Embora limitado ao mundo dos entendidos, a Guerra Fria e as guerrilhas que, à sua sombra, proliferaram pelo Mundo, também pode ser acompanhada no campo do armamento individual empunhado pelos combatentes. Já aqui fiz menção a esse aspecto técnico da História. Que, embora só interesse a alguns, ainda tem coisas para se descobrir, como aconteceu comigo recentemente, a propósito do armamento individual que equipou a guerrilha salvadorenha. A Guerra Civil de El Salvador, país da América Central, começou em 1979 e prolongou-se até à Queda do Muro e ao fim da União Soviética, em 1992. A sua erupção foi uma consequência do sucesso da Revolução Sandinista (1978-79), que conseguira depor a ditadura dos Somozas na vizinha Nicarágua, e do esforço que soviéticos e cubanos decidiram investir na América Central após isso, numa região que os Estados Unidos consideravam coutada sua, mas que também era uma região madura para revoluções por causa das gritantes injustiças sociais.
Se a referência revolucionária nicaraguenha fora um mártir histórico da revolução chamado Augusto Sandino (um líder guerrilheiro assassinado em 1934), com a organização revolucionária a denominar-se em sua homenagem Frente Sandinista de Libertação Nacional (FSLN), a inspiração tornava-se evidente em El Salvador, substituindo-se apenas o nome do mártir, agora Farabundo Martí (outro líder guerrilheiro local, assassinado em 1932) e a correspondente Frente a denominar-se, por sua vez e sem surpresa, Farabundo Martí de Libertação Nacional (FMLN). Mas as semelhanças não terminavam aí: as fotografias de guerrilheiros centro-americanos que apareciam publicadas na comunicação social mostravam uma alta percentagem de mulheres combatentes (como se pode apreciar pelos exemplos que aqui se publicam) e exibindo um armamento que, contrariamente ao que acontecia com outras guerrilhas e como os entendidos podiam facilmente identificar, era normalmente de origem ocidental.

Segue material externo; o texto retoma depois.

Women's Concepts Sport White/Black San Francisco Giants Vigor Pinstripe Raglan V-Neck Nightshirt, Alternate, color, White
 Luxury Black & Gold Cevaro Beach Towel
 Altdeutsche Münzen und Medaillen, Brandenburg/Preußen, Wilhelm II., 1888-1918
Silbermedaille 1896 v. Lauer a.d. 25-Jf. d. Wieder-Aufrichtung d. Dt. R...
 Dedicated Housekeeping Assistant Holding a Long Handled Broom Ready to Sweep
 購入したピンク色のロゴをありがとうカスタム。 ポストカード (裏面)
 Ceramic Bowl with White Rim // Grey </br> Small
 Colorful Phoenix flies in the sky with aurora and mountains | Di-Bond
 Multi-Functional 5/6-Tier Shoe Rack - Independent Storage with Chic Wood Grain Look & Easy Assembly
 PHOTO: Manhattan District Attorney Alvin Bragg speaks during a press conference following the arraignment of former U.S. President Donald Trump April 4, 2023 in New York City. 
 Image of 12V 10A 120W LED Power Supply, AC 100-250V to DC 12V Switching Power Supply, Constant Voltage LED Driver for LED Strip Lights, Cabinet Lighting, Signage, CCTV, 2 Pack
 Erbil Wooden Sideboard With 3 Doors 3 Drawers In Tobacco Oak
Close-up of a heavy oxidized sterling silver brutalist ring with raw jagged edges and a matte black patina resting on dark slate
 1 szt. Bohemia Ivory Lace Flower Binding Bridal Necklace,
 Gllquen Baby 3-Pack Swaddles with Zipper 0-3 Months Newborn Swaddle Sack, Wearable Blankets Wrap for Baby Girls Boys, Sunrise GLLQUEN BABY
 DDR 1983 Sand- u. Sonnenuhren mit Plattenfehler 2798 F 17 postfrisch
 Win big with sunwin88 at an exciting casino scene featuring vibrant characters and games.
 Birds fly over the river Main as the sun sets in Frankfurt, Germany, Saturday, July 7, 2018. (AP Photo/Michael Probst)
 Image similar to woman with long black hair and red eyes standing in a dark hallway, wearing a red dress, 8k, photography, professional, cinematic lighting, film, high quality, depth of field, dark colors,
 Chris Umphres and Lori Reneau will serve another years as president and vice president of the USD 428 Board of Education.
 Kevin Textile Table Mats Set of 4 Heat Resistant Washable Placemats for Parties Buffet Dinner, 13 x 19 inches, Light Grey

A ideia, que se revelou bem-sucedida, era a de sugerir as raízes populares da insurreição, a escassez de meios e a independência de apoios internacionais de um movimento popular que se arma apenas com o material que consegue capturar. Só vinte anos depois do fim do conflito é que vim a descobrir como ela não passava de um embuste: as FN FAL belgas, de que vemos um exemplar encostado junto à senhora que cose roupa, eram de origem cubana, vendidas por aquele país a Cuba ainda antes da ascensão de Fidel Castro ao poder (1959) conforme se identificava pelos seus números de série; quanto às M-16 norte-americanas que se vêem nas outras fotos, tinham vindo, na sua esmagadora maioria, do Vietname, que possuía milhares delas depois da sua vitória de 1975, altura em que se apoderara dos paióis sul-vietnamitas. Só por curiosidade, refira-se que, como fornecedor, Portugal também participou no conflito, vendendo alguns dos milhares de G-3 que possuía em excesso ao outro lado, ao exército salvadorenho.